Reviewed by George Parker 8 / 10

Nutritious whole brain entertainment for the mind

"Enigma" blends fact with fiction as it tells a carefully crafted story about the unseen and unsung heros of British WWII code-cracking who decrypted the infamous "Enigma" code which Germany used to command it's U-boat armada in the North Atlantic putting allied convoys in peril. With plenty of history and super-secret code cracking to feed the left brain and a dramatic tale of a top code-cracker and his surreptitious affairs of heart and mind for the right brain, "Enigma" has something to offer everyone. The film manages it's intricate plot well, offers solid performances, blends intrigues with lots of WWII crypto-speak, and moves along swiftly while staying real and avoiding the usual excesses of filmdom. A smart flick for smart minds. (B+)

Reviewed by c_parky 10 / 10

History without histrionics

I first viewed this film the way its makers would want me to - on the big screen, and with friends. It commanded my attention and concentration, which, I believe, is the way good movies should. The post-viewing dinner and analysis made me want to go back and see it again, in spite of the fact I thought my absorption was total. In the event I waited until I was able to rent, then purchase, the DVD. So my opinion is based on multiple viewings, which says much about the complexity and detail ENIGMA provides.

I am not surprised to read comments from others who believe it was too complex after just one viewing. But I am surprised by the diversity of opinion of its direction, acting, scripting, design and cinematography - all of which I found to be of the highest standard.

This is one of those rare films that does not require an audience to suspend dis-belief.

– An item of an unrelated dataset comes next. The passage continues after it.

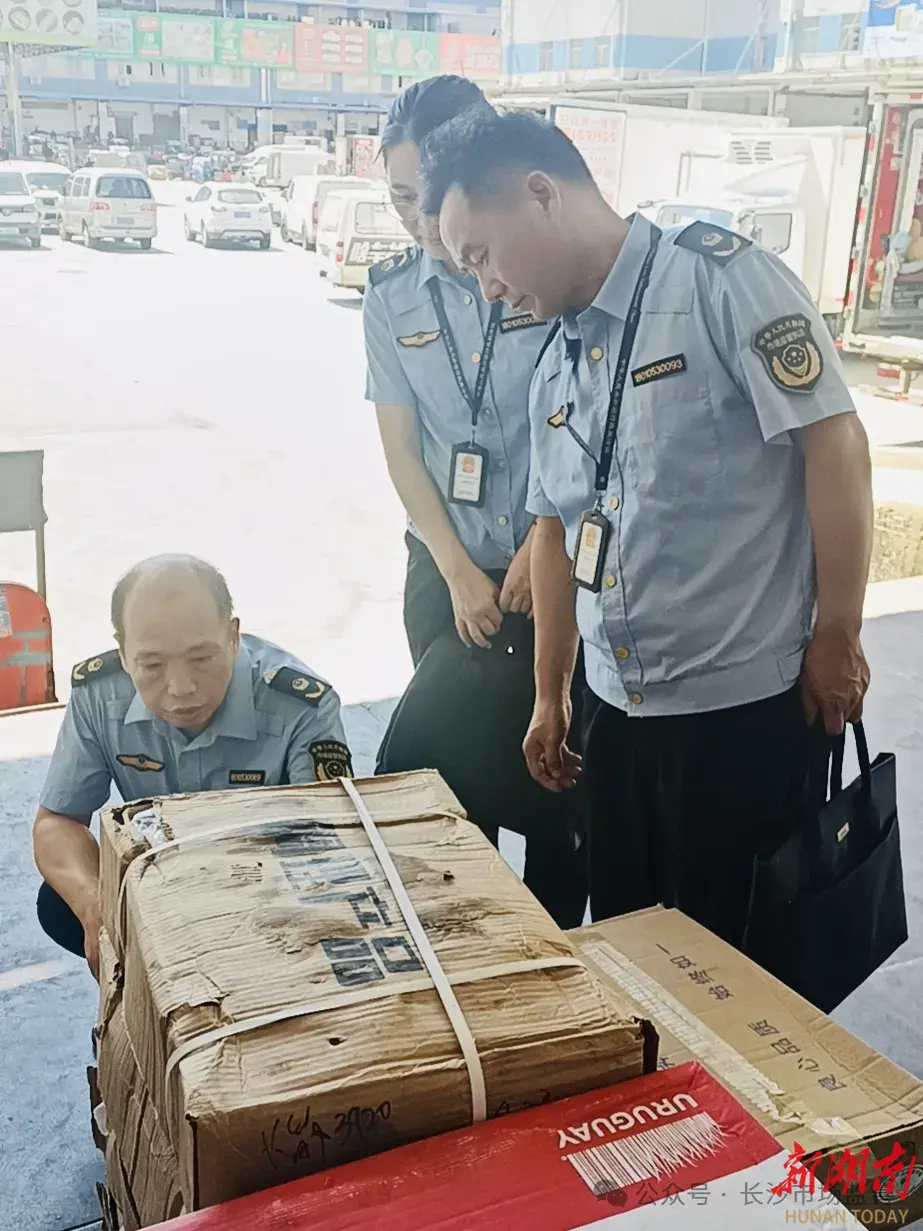 打击“走私肉”，雨花区开展专项执法检查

It is primarily fact-based, and while, like most fact-based movies, some events are concatenated, characters combined or dramatized, the presentation oozes credibility. Is it entertaining? Absolutely. Do the romantic plots and themes detract? Not at all. Is the code-breaking boring? No, but, like most who viewed it with some knowledge of the German encryption machine from which the movie takes its title, it may have left stuff out that would be nice to know about. Other reviewers have referenced web sites and publications that contain the detail and I have sourced material that has satisfied my curiosity.

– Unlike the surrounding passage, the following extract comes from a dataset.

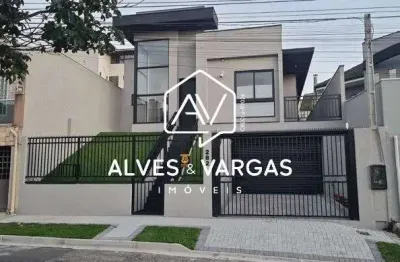 Casa com 3 quartos à venda na rua joão carlos de souza castro, 270, guabirotuba, curitiba por r$ 1.750.000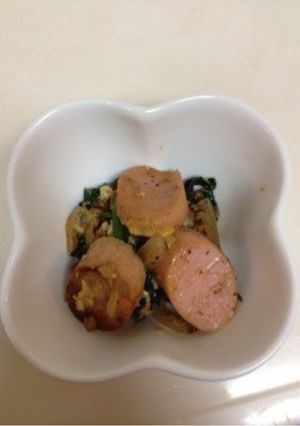 お魚のソーセージで簡単お弁当！-レシピのメイン写真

It is not a documentary, in spite of the fact that director, Apted, is an eminent documentary maker. It is a human drama set amongst the surreal environment of the code-breaking complex of Bletchley Park. I can't comment on how faithful Stoppard's screenplay is to Harris' book, not having read it. And it is specious for anyone to make comparisons in any case.

Does the film downplay the Polish contribution to the Ultra activities? I don't think so. They captured an early 3-rotor Enigma machine and copied it and successfully cracked the codes then in use. What the English operatives captured was the later 3-rotor machine with the front patch panel, which was a quantum leap ahead of the pre-war machines. Turing and his associates then created the 'bombes' - reproduced in exquisite detail for the movie with assistance of the curator of the Bletchley Park Museum. Incidentally, Britain built a number of these bombes for US intelligence, which the US still have. But that's the sort of detail that is not essential to the execution of the plot or the enjoyment of its portrayal.

I have now enjoyed viewing ENIGMA so often I have lost count. And it has done nothing but whet my appetite for further, while less frequent viewings. I can add nothing to the erudite comments of the more discerning reviewers regarding the performances of Scott, Winslett, Northam, Burrows and their superb supporting cast members. They have crafted one of the finest wartime movies I have had the pleasure to experience. An absorbing and fascinating movie. I rate it 10 out of 10.

Postscript - added 30/07/2011.

Incidentally, at my first viewing of the movie, I was impressed by the performance of a rather portly, bespectacled young actress. It was not until the post-viewing dinner my curiosity was sated, somewhat ashamedly (but in Ms Winslett's favour), for failing to recognise this talented lady. I later discovered - and it is obvious in the final scene of the film - Kate was, in fact, pregnant at the time. Carefully disguised during shooting, her condition simply made her character all the more believable.